NEW DELHI: The Bharatiya Janata Party (BJP) on Tuesday threatened a state-wide agitation against the H.D.Kumaraswamy-led coalition government for its apathy towards dealing with the worsening drought in Karnataka.
B.S.Yeddyurappa, the state BJP chief, hit out at Kumaraswamy stating that the Janata Dal (Secular) and Congress were more worried about coalition problems than tending to the drought leading to an acute shortage of drinking water.
“If no action is taken in two or three days, it will be inevitable for us to hold a state-wide agitation," the Press Trust of India reported on Tuesday, quoting Yeddyurappa.
Though officials have been asked to take the lead in drought mitigation, the absence of elected representatives, including ministers, provides the opposition ammunition to corner the government.
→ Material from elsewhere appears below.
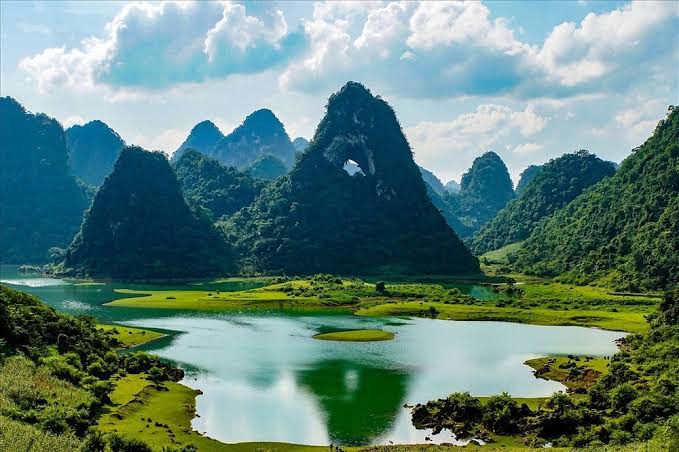 Chiêm ngưỡng núi Mắt Thần, kỳ quan thiên nhiên ở tỉnh Cao Bằng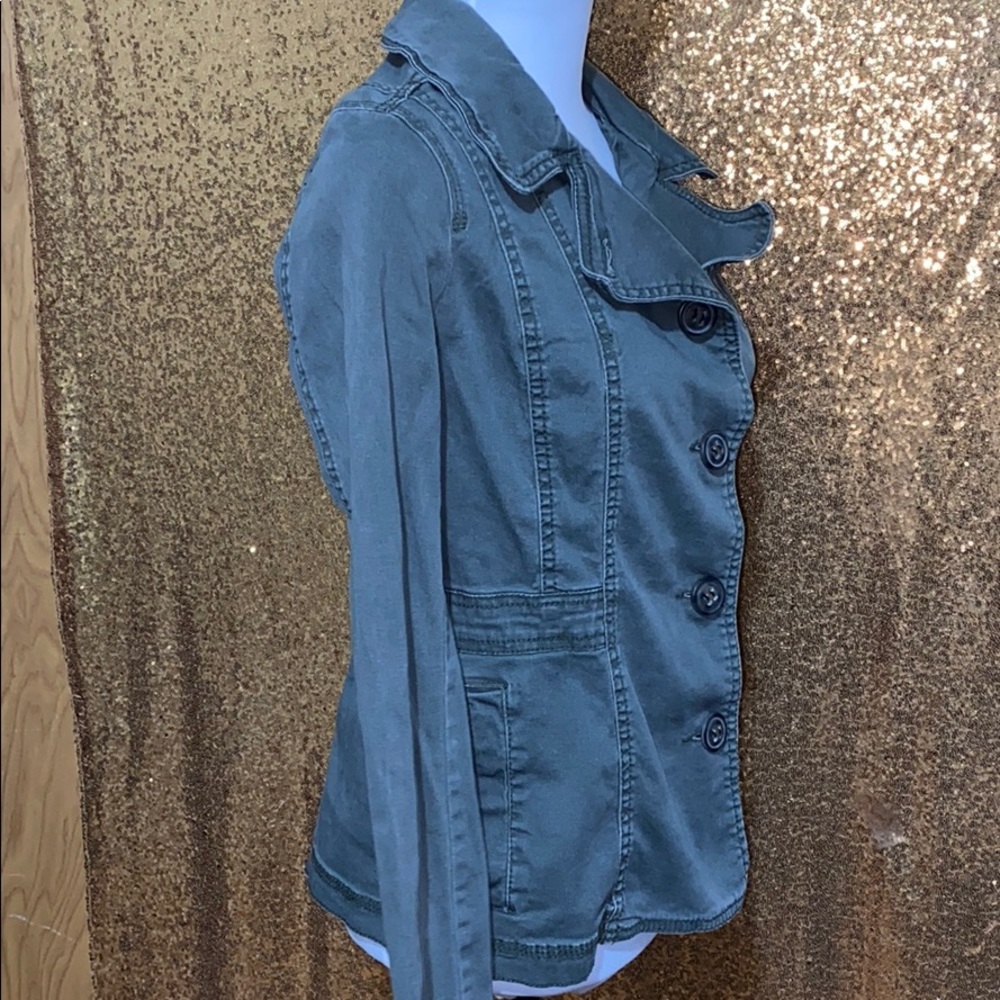 Green Jacket - Picture 2 of 6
“The government and chief minister have been on top of things and have been working towards drought mitigation," said an official at the chief minister’s office, requesting not to be named.
Some within the farming community were hoping that they would get some help from the Kumaraswamy government while it is still in power.
The BJP is confident that the coalition government will collapse after 23 May, when results of the ongoing Lok Sabha elections are announced, as the differences between the JD(S) and Congress will intensify, making it more difficult for them to continue in the alliance.
The two sides had depended on the farming community to secure a higher seat share in last year’s assembly elections as well as in the ongoing parliamentary polls. Several political parties have promised to waive farm loans to earn the backing of the agricultural community.
In Karnataka, the Kumaraswamy government has released a total amount of ₹7,417 crore covering 15.5 lakh farmers as part of its promise made in last year’s budget.
Failing rains, however, are making it difficult for farmers to go in for sowing in drought prone Karnataka.
There are drinking water problems in over 2,200 villages and 1,800 tankers and 1,300 private borewells have been rented, according to one senior minister of the government, requesting not to be named.